> TASK DETAILS: What lines of the listing include the string "from"? Show them all.

[[ EXCERPTED RECORDS, beginning ]]

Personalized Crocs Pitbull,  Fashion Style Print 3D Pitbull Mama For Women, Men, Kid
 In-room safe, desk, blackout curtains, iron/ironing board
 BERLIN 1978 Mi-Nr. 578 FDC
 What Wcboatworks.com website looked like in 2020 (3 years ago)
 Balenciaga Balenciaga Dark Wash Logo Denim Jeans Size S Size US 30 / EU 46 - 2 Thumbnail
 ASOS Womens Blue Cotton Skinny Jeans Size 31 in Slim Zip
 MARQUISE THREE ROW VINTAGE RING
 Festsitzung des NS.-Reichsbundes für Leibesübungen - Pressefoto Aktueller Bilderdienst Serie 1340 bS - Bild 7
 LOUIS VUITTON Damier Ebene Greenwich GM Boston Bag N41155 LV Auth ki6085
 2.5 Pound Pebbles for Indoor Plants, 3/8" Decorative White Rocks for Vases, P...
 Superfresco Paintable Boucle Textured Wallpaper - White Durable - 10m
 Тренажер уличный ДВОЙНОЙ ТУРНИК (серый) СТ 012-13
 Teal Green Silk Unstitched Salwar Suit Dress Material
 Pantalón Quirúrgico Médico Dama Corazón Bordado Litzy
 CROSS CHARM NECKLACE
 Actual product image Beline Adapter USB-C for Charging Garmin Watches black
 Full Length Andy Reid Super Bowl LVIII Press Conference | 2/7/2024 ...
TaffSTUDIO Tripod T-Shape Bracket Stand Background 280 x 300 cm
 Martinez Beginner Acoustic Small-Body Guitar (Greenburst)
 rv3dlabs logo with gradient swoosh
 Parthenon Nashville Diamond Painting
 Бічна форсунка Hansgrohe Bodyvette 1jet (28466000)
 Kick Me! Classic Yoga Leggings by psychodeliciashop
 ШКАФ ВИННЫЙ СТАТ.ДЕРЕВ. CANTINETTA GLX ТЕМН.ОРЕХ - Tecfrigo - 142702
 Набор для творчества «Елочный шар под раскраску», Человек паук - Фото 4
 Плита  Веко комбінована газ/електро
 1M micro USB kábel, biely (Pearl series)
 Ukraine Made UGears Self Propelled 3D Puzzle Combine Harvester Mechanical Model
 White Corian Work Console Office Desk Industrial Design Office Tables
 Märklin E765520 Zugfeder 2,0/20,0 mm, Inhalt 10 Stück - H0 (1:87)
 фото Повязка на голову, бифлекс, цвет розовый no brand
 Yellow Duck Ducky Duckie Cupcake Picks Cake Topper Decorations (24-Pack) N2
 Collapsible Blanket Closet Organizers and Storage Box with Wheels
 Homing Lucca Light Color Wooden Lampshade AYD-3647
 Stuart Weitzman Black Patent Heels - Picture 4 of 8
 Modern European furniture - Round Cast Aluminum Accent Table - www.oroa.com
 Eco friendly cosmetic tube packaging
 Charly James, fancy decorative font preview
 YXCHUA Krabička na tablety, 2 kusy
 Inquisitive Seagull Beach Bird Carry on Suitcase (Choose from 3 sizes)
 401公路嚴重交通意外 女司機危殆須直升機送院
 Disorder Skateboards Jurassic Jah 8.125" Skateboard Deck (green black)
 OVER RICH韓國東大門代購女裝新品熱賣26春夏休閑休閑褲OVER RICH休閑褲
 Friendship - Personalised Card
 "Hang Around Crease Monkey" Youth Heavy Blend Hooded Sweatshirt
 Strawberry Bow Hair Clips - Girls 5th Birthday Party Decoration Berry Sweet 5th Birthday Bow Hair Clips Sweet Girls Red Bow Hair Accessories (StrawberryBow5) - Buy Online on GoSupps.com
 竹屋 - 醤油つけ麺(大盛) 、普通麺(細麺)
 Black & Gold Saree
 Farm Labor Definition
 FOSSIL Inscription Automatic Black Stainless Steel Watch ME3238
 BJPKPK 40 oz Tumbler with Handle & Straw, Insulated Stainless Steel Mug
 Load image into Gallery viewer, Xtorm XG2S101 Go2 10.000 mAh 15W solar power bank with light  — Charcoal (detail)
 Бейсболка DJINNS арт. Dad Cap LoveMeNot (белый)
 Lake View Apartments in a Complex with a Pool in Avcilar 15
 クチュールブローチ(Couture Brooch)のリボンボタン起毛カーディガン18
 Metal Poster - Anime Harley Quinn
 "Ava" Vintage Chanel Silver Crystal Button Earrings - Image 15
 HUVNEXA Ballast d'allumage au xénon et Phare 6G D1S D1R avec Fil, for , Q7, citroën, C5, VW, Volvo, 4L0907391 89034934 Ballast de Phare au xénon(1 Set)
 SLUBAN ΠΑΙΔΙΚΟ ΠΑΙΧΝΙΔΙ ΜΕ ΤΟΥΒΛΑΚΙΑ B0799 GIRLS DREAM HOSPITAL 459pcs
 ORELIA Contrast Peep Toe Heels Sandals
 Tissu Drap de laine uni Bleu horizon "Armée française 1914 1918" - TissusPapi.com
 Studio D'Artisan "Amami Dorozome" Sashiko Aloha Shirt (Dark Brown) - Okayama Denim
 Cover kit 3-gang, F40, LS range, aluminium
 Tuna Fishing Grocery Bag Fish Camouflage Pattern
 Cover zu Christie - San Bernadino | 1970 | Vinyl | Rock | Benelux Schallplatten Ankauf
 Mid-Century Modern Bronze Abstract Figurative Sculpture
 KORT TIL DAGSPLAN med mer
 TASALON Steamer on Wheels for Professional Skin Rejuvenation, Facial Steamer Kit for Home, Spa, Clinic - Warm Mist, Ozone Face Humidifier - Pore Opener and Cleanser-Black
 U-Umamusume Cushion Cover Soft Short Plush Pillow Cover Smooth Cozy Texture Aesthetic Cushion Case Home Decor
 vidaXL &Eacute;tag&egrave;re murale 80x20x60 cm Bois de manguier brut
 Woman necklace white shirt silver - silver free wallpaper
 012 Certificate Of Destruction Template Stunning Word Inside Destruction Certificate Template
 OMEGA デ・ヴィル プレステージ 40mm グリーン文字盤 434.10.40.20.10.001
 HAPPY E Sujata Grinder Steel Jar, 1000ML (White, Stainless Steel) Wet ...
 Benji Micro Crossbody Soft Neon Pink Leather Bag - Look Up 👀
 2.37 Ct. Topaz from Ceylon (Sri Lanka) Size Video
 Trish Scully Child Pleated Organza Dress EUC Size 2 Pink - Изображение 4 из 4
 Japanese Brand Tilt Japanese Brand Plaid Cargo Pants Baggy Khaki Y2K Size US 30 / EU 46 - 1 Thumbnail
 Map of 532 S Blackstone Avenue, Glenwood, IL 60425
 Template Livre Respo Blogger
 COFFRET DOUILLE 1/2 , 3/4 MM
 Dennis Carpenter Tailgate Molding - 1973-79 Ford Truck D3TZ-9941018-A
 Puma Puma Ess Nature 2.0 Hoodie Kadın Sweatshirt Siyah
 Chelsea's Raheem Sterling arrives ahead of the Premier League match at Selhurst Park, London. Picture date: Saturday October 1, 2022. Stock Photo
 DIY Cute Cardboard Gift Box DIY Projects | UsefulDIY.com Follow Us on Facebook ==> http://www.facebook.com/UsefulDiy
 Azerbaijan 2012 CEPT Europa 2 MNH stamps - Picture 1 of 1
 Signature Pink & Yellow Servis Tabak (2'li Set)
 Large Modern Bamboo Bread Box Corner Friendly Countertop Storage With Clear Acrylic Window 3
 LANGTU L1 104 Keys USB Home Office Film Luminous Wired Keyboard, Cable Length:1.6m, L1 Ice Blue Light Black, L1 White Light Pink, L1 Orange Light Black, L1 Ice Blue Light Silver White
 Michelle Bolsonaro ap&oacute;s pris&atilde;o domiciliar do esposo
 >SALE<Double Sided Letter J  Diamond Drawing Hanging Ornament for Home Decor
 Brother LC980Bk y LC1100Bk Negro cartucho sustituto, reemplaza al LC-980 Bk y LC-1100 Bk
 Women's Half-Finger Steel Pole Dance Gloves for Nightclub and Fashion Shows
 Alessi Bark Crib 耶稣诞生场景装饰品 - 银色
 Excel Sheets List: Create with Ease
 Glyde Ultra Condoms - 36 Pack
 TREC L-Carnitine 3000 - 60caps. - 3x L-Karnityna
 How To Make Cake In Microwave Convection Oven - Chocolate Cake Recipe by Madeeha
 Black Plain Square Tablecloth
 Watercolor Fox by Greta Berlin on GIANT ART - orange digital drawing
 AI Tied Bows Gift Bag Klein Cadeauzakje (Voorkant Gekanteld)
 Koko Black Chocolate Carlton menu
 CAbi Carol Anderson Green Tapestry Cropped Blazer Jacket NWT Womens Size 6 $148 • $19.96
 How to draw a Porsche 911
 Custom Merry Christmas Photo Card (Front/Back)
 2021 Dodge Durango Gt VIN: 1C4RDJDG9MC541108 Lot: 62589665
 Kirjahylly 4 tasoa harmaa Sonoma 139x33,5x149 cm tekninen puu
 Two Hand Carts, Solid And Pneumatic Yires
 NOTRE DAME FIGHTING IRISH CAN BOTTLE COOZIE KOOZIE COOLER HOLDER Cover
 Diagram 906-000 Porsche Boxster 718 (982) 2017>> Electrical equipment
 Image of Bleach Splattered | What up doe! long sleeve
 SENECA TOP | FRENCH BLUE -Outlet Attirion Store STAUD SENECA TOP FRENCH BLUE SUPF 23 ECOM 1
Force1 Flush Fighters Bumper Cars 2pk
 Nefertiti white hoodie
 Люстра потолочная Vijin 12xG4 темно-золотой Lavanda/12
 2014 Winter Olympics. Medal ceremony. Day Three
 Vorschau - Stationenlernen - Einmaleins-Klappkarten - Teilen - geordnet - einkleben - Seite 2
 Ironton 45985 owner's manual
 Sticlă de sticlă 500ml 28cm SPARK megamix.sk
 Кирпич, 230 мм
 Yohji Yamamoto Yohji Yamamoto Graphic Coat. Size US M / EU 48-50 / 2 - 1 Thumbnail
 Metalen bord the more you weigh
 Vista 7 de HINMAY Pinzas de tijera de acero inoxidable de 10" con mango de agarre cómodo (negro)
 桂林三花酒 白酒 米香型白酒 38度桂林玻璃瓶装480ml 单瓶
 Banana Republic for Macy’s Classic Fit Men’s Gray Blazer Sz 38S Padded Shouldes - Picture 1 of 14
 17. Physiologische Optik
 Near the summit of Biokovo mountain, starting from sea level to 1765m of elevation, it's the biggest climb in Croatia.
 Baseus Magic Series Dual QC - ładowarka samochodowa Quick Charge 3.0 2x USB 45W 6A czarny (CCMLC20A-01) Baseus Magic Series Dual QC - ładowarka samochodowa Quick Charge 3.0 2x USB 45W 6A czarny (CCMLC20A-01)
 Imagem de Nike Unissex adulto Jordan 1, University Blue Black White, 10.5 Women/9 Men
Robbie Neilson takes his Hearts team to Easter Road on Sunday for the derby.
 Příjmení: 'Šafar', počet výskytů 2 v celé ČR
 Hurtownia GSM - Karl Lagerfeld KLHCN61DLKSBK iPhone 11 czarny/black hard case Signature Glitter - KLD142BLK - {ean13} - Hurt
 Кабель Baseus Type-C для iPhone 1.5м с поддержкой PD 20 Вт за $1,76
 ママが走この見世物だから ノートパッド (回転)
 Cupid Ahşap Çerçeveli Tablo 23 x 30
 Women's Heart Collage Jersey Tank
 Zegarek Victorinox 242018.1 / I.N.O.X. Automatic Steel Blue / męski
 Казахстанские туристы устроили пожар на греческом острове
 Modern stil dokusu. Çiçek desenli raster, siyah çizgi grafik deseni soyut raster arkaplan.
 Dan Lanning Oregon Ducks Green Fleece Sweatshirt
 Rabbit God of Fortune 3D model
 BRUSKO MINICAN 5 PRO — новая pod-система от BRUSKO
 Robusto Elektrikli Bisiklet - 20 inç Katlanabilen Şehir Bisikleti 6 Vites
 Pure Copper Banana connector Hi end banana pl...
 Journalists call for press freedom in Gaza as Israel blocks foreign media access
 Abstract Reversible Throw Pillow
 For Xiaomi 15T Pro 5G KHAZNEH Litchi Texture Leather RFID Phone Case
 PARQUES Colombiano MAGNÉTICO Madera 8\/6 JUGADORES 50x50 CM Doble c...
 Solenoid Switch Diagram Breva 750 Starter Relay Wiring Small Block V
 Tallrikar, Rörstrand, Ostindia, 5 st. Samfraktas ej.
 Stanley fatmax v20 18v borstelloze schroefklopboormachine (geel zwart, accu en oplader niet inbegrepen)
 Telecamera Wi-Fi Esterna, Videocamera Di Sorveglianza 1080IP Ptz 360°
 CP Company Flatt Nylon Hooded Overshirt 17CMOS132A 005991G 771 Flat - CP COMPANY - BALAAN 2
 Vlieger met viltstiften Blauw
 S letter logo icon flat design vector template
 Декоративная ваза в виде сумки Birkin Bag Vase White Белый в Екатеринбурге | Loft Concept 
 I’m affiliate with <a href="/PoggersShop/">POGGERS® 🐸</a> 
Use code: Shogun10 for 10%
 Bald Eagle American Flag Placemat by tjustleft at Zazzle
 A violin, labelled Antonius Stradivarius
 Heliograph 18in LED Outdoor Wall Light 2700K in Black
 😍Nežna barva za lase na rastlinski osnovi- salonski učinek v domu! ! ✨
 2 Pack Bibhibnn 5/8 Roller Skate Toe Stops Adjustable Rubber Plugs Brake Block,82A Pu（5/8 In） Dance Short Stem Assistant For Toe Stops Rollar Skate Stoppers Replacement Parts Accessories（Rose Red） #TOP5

[[ EXCERPTED RECORDS, end ]]

> YOUR RESPONSE:
 Inquisitive Seagull Beach Bird Carry on Suitcase (Choose from 3 sizes)
 2.37 Ct. Topaz from Ceylon (Sri Lanka) Size Video
 Near the summit of Biokovo mountain, starting from sea level to 1765m of elevation, it's the biggest climb in Croatia.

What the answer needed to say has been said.